私がこの作業部会に委員として参加した頃、オンラインミーティングには会議ツールとしてSkypeを用いていました。議事録はGoogleドキュメントで作成されており、会議の参加者はリアルタイムに更新内容を手元で確認しながら会議に参加することができたものの、Skypeのチャット機能を使って共有される情報は、私が使用しているスクリーンリーダーでは容易に確認できない問題がありました。

そこで、チャットでリアルタイムに送られてくるメッセージがスクリーンリーダーで比較的簡単に確認できる、Google Meetを会議ツールとして提案しました。Google Meetには、リアルタイムで会議の字幕を生成して表示する機能もあり、音声を聞きながら会議に参加できない状態であっても、会議の内容を確認することができる点も優れています。

今回はとくに、日常的にスクリーンリーダーを使っている私の立場で、よりアクセシブルなオンラインミーティングを実現するために検討していただきたい事柄を紹介します。

アクセシブルなオンラインミーティングを遂行するために確認したい3つのポイント

昨今、様々なコミュニケーションツールが登場しており、オンラインでミーティングを実施するハードルは下がっています。
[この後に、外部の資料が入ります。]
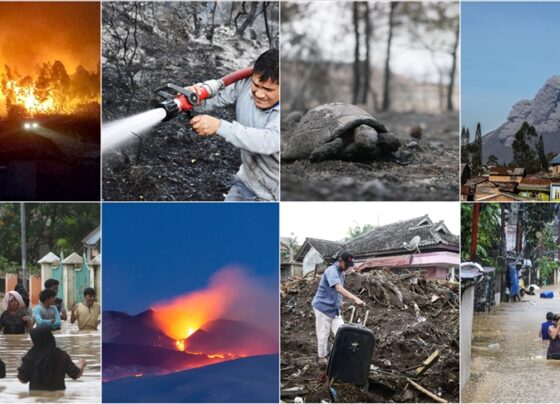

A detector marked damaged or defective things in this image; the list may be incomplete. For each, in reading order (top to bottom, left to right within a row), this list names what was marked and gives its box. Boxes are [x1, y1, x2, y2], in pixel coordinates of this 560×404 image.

damaged roof [296, 215, 458, 262]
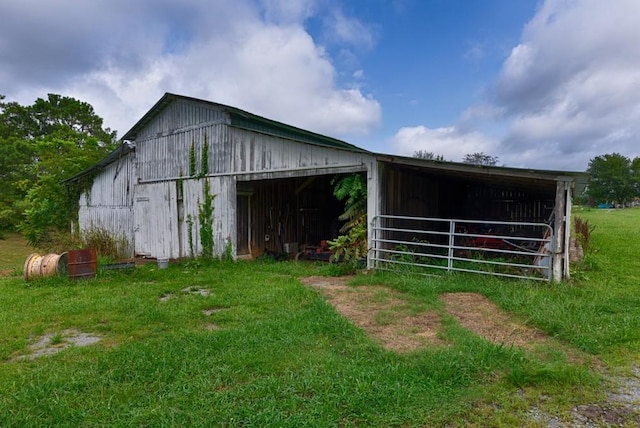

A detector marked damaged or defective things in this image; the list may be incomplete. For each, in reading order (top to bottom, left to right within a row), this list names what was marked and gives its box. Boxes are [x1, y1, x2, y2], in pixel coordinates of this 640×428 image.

rusty barrel [23, 251, 69, 280]
rusty barrel [68, 249, 98, 280]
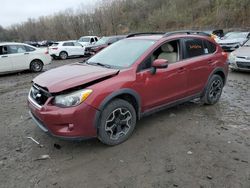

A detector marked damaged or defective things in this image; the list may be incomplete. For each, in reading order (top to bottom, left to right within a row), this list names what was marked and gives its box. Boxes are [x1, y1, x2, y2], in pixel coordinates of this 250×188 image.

crumpled hood [32, 63, 118, 92]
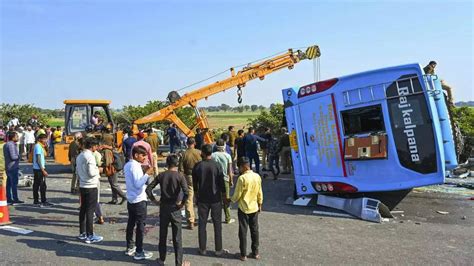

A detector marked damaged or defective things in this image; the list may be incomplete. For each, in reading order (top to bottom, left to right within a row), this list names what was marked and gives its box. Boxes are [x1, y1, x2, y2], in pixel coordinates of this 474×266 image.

overturned blue bus [282, 63, 456, 209]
会議の実施方法をしっかり検討することで、参加者がどこにいるのか、参加者にどのような特性があるのかを考慮した会議が実現できる環境は整いつつあります。

それでは、より多くの参加者が参加可能なオンラインミーティングを実現するためには、どのようなことを意識すれば良いのでしょうか。

参加者全員が使い方に慣れている会議システムを使う

世の中には様々な会議システムがあり、アクセシビリティを考慮して開発されているものも少なくありません。

私が使用した限りでは、Zoom、Google Meet、Microsoft Teamsなど、選択肢はいくつかあるものの、スクリーンリーダーでの使用だけを考えても、それぞれのツールが得意としていること、苦手なことがあるようです。
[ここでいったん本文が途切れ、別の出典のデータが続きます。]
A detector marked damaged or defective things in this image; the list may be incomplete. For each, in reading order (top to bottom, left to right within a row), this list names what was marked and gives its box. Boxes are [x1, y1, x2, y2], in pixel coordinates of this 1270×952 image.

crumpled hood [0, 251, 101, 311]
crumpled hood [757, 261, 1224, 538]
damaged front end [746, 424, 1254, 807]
会議で使用するツールがどのようなアクセシビリティ機能を持っているかを主催者が事前に確認しておくことはもちろんですが、会議参加者全員がそのツールを十分に活用できるだけのスキルがあるかを確認することも、オンラインミーティングを成功させるポイントだと言えそうです。

参考情報

スクリーンリーダーのユーザーのように、ミーティングに参加する際、自分のマイクやカメラを素早く制御するためにショートカットキーを使う参加者がいることがあります。ミーティングの主催者側で、参加者にアクションを求めるときにショートカットキーの情報も一緒に伝えることで、参加者はより早く反応できる可能性があります。

Zoomでミーティングを行っている場合、例えば「ご意見のある方は手を上げてください」と伝えるだけでなく、「ご意見のある方は手を上げるボタン、またはAltキーとYキーを押して手を上げてください」と伝えるだけで、より多くの参加者が手を上げやすくなる可能性があります。
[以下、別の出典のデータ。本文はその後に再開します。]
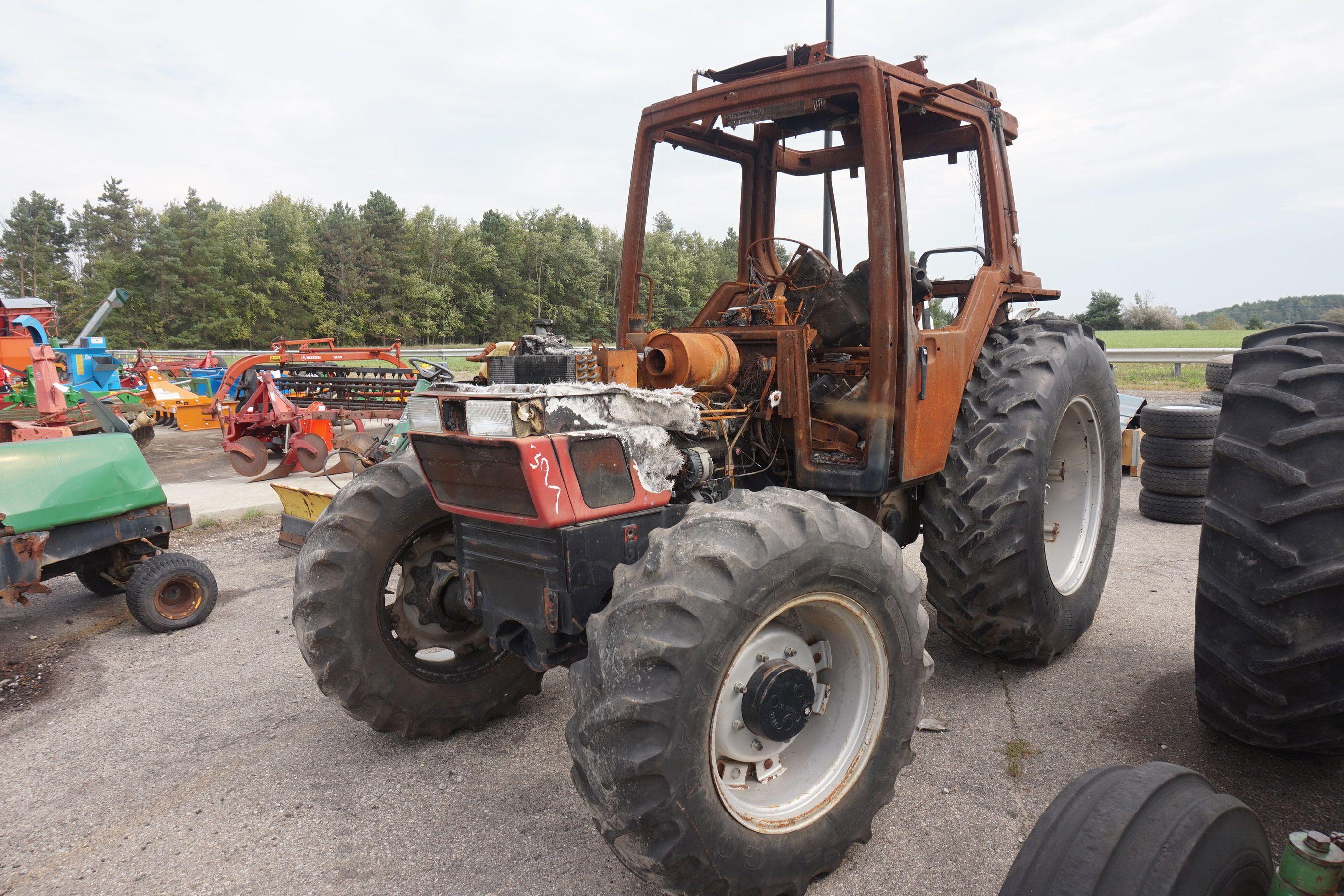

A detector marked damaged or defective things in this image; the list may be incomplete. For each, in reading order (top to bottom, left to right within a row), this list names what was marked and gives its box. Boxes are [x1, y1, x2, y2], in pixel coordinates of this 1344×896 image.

cracked pavement [0, 480, 1339, 892]
burned tractor [294, 45, 1123, 896]
rusted cab frame [616, 54, 1054, 497]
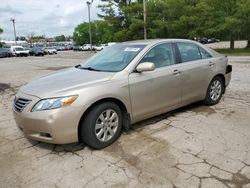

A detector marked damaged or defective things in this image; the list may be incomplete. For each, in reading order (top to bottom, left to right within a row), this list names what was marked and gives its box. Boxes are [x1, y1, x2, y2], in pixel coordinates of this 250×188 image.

cracked concrete [0, 51, 250, 188]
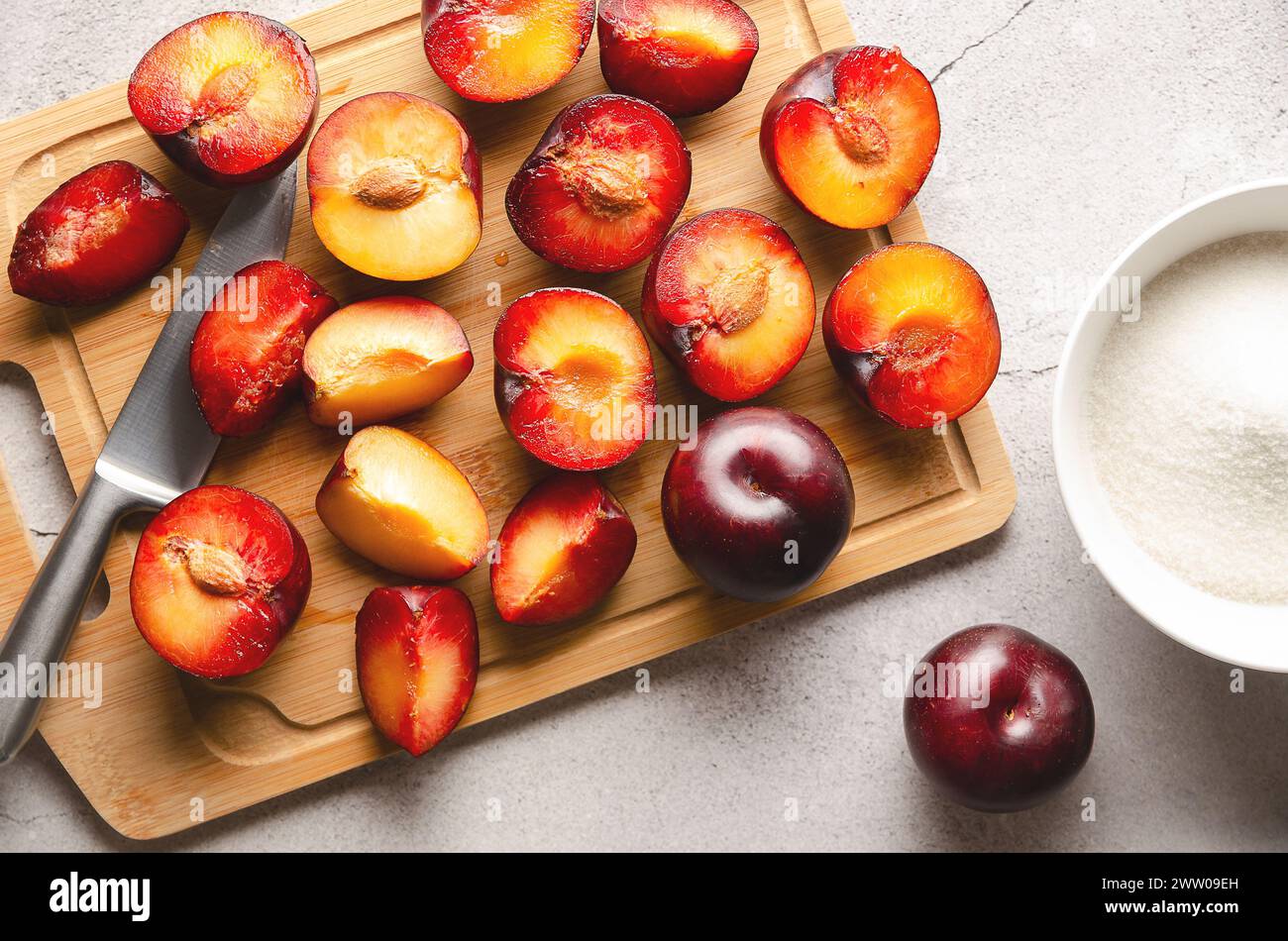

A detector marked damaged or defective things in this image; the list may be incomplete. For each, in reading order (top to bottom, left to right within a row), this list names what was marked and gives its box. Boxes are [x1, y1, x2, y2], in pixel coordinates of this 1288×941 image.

crack in concrete [932, 0, 1040, 84]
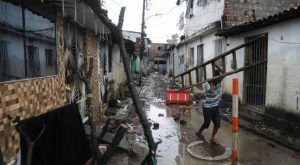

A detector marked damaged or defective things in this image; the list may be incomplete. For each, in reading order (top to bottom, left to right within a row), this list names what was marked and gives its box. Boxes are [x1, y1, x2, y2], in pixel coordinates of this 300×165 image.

damaged roof [217, 5, 300, 36]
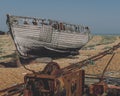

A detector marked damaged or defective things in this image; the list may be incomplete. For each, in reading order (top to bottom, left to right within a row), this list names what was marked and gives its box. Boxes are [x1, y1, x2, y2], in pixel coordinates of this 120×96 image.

rusty machinery [0, 42, 119, 96]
参加者がリアルタイムに確認できるコミュニケーション手段を使う

会議を進行する中で、リアルタイムに参加者とコミュニケーションを取る場合があります。議題の詳細を説明する資料や議事録の確認、関連情報のチャットでの共有などが該当します。

前提として、会議で資料を使用する場合は、事前に参加者に共有することが望ましいのは言うまでもありません。会議の主催者だけでなく、参加者自身も資料を確認して、その会議に備えることができるからです。

資料の事前共有は、スクリーンリーダーを使っている会議参加者にも有益です。基本的に、会議の音声とコンピューターの読み上げ音声の両方を耳で聞きながら会議に参加するため、リアルタイムに資料を読みながら会議に参加するのはあまりよい方法とは言えません。会議の発言を集中して聞いていれば、資料の音声での読み上げを聞いている時間はありませんし、資料で詳細情報を探していると、その間に次の議題に移ってしまうこともよくあります。

主催者が会議の直前まで資料を準備して、画面にその資料を表示すれば参加者は確認できるのだから問題ないとお考えの方には、是非、会議をおこなう目的を今一度検討いただきたいと思います。

会議で使用する資料を作成するときにどのような点に気をつければいいかについては、ウェブアクセシビリティの考え方によく似ています。見出しやリストなどの文書構造を適切に使用する、画像を使用する際は代替テキストもセットで提供するなど、ウェブアクセシビリティのガイドラインを参考に資料を作っていただければ良いと思います。

画面を見なければ参加できないような進め方をしない

ミーティングで使用する資料がアクセシブルな状態で準備できたとしても、意外と多いのが実際のミーティングで参加者が画面を見ていることを想定した発言があることです。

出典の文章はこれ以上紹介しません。